» **DIRECTIONS FOR THIS TASK**
Print nothing except the line holding "Issaa_Tyler XXX чат на живо" and the lines that come after it in the material below, and leave the pictures out.

» **EXERCISE MATERIALS**
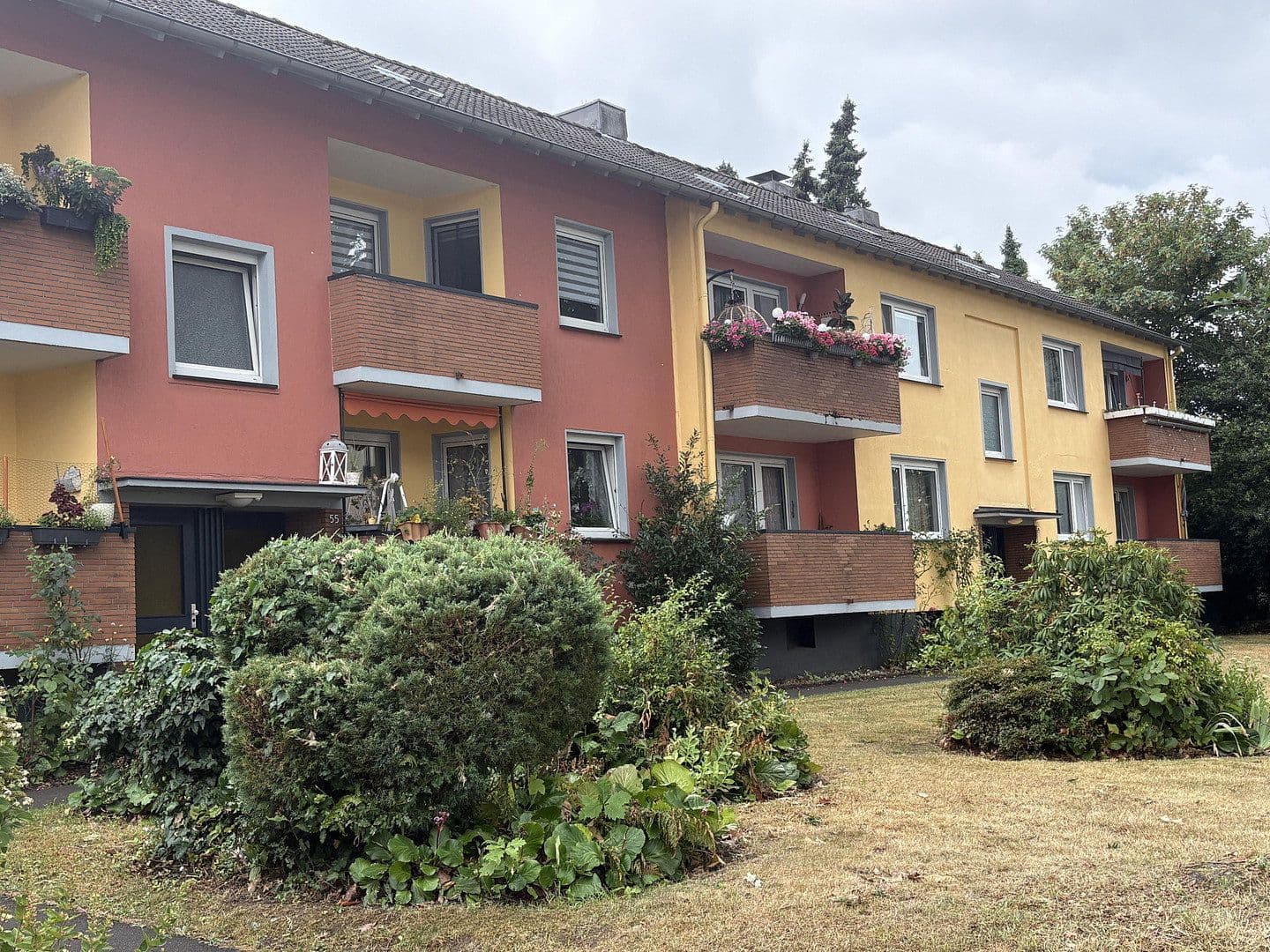 Predaj domu 500 m², pozemok 1.496 m², Solingen, Severné Porýnie - Westfálsko Predaj domu 500 m², pozemok 1.496 m², Solingen, Severné Porýnie - Westfálsko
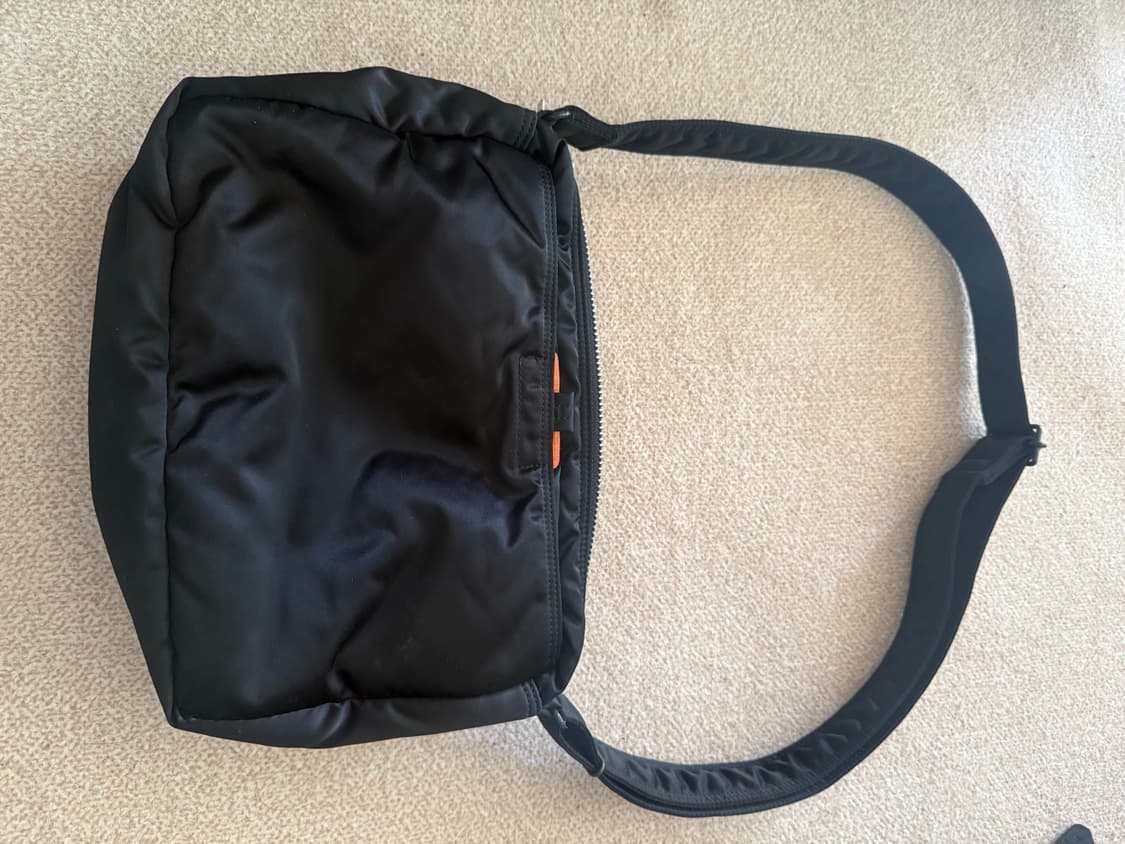 포터 올 뉴 탱커 슬링백 집 라지 블랙 상품이미지2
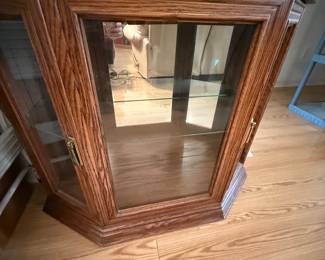 Low profile display cabinet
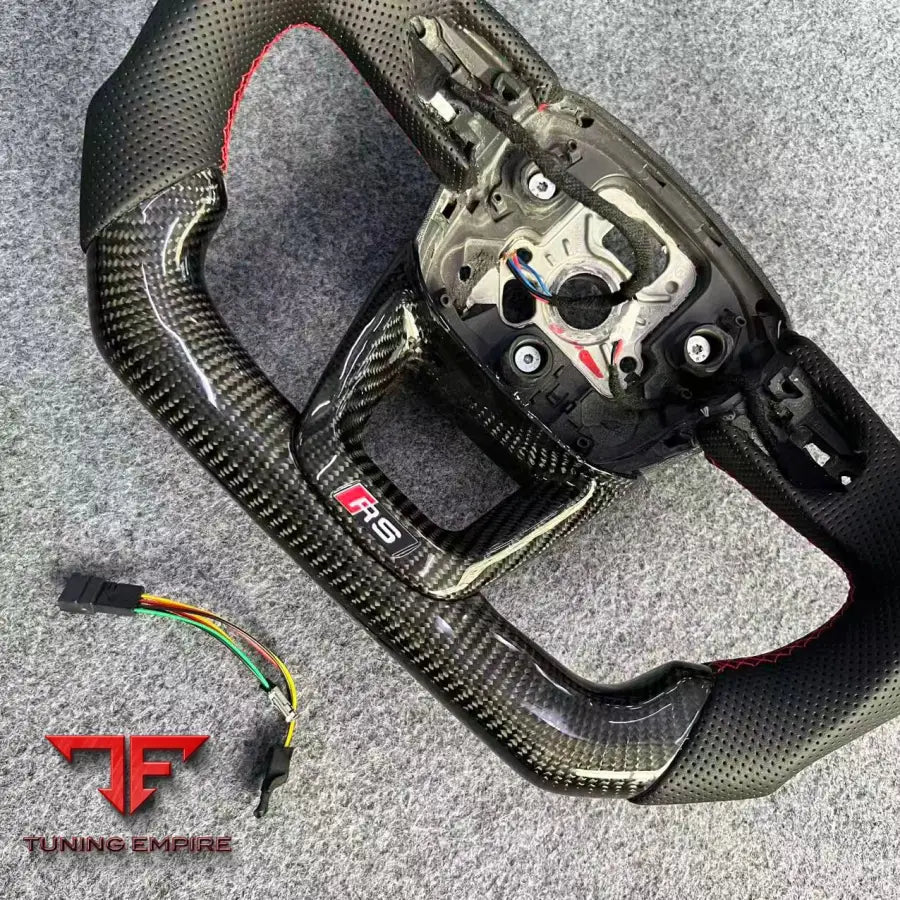 AUDI RSQ8 CARBON STEERING WHEEL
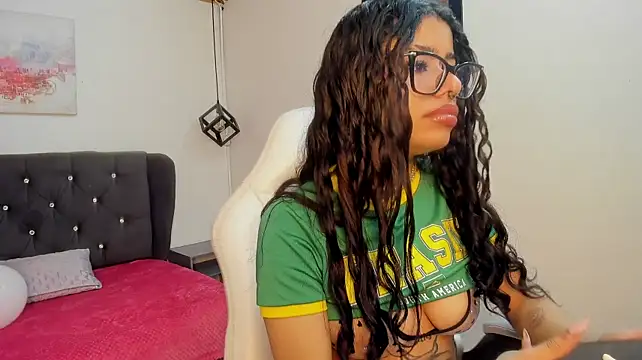 Issaa_Tyler XXX чат на живо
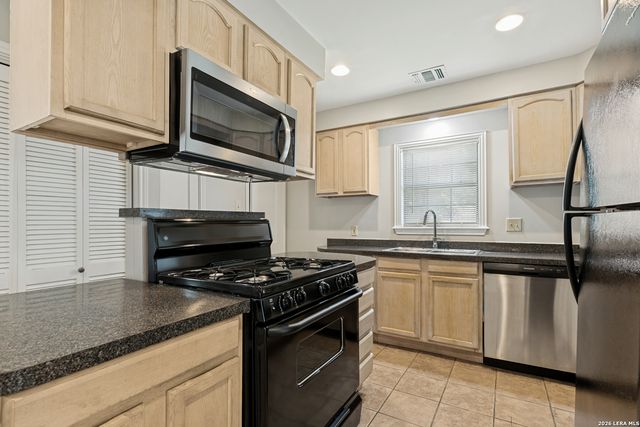 118 New Haven Dr, San Antonio, TX 78209
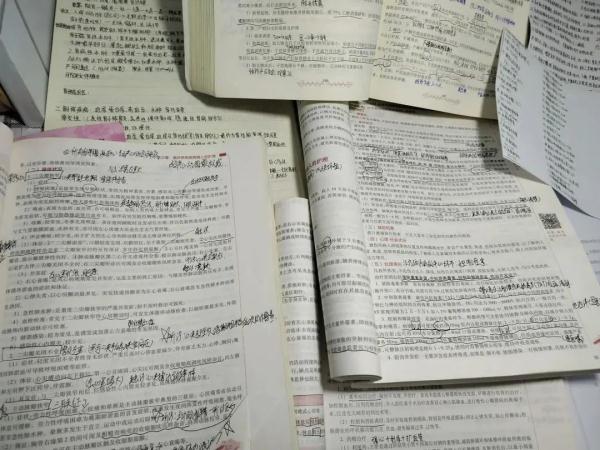 大学生笔记大赏！网友：学到了，录取通知书哪里领？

» **EXERCISE ANSWER**
 Issaa_Tyler XXX чат на живо
 118 New Haven Dr, San Antonio, TX 78209
 大学生笔记大赏！网友：学到了，录取通知书哪里领？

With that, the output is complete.